Engineering notebook
ENGINEERING NOTEBOOK: LEARNING RUSTS WITH TOO MANY LINKED LISTS!
I've been reading about implementing advanced collections in Rust thanks to Alexis Beingessner's wonderful, if perhaps excessively opinionated, lecture on "exceptional" collections1. Rust's enforced memory correctness requires the programmer to make intelligent decisions about references and move semantics, stuff no one's ever really had to think about in C or C++. I'm having a hard time internalizing this stuff, so here's my stab at recording what I've learned. His first structure is the singly linked list.
In Lisp, a list is just a data structure, often called a CONS, with two slots, the CAR and the CDR. The CAR slot holds your data. The CDR slot holds a pointer to the next CONS, or NIL, which means "The end of the List." A CONS that is only NIL is the empty list.
In Rust, you have to be concerned with both the heap and the stack. So, in Rust, you need a data structure to point to the head of the list, a sum-type to differentiate between the NIL case and the CONS case, and a CONS structure to hold the CAR and the CDR in the non-NIL case. The head can go on the stack; the list can be on the heap after that.
In fact, the head has to go onto the heap, because otherwise your list has a recursive structure, and Rust doesn't know how to size it. By using a Box
, which is a handle to a heap object, you tell Rust the CDR is the size of a pointer, now Rust knows how to size and allocate it.
When doing a cons, there's a moment when you create the new node, attach existing list to it, then retuns the new node as the head. Because we have a separate object to manage pointing to the head, that's a two-step operation. Rust objects: at some point, the head object exists in two places, and Rust doesn't like that. To overcome that, Beingessner uses the mem::replace function to make sure that the head temporarily has an acceptable NIL value when building the new node, so that the head object can then be made to point to the new node later.

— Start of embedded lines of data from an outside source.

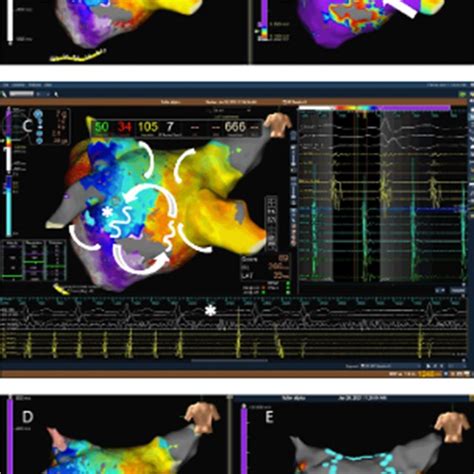 High Density Activation A And Voltage Map B Of A Left Atypical Afl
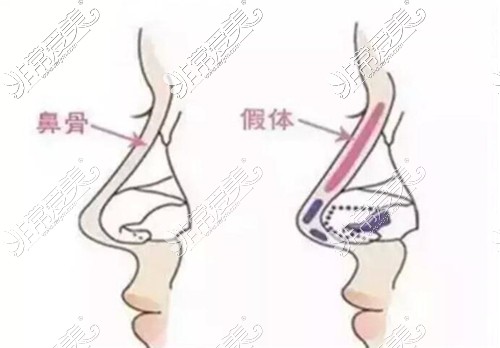 鼻整形方法示意图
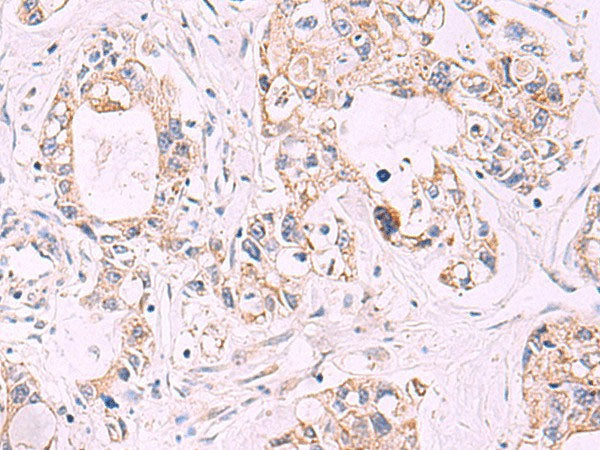 TNF Polyclonal Antibody Host Rabbit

Popping them off the list (Beingessner is more building a stack here at the moment) has a similar problem, and a similar solution: so that we can work with the recently-popped node, we have set the head to NIL temporarily, then fix it once we've extracted the data. But because they're boxed, we need to move the node to the stack (and yes, this apparently results in a bitmap copy!) so that we have a local copy we can work with.
The last thing Beingessner shows us is the Drop
trait. Normally, this wouldn't be an issue; Rust is very good about cleaning up after itself, and this stack would clean up after itself when the head goes completely out of scope. But, Beingessner writes, that clean-up would be recursive. Since our list is on the heap2, it can grow to occupy all the memory available, which is fine. But the stack does have an upper limit, and a recursive function would blow the stack, especially since in this case there's a follow-on operation that can't be tail-call optimized: we need to drop the contents inside the Box first, then drop the Box. (Rust currently doesn't do tail-call optimization anyway.) Beingessner teaches how to write this function manually and iteratively so that the default recursive version doesn't blow you up.
So those are the things I've learned so far: how to read debugging output from the borrower, how to handle the stack and the heap, how to manage temporary objects to keep the borrower happy in multi-step memory management code, how to unbox items to get at their insides, and how to re-write recursive Drop
functions to make them iterative and efficient.
1 Beingessner apparently believes the only thing you need aside from the traditional scalars is arrays and dictionaries; trees, graphs, tries, lists, stacks, queues, priority heaps are all unusual and unneeded by most programmers. He's not wrong about that: 99% of my professional life I've never needed anything more advanced than a dictionary. But right now, I do need these weird things.
2 I avoided writing "... since our stack is on the heap," because that would just be confusing.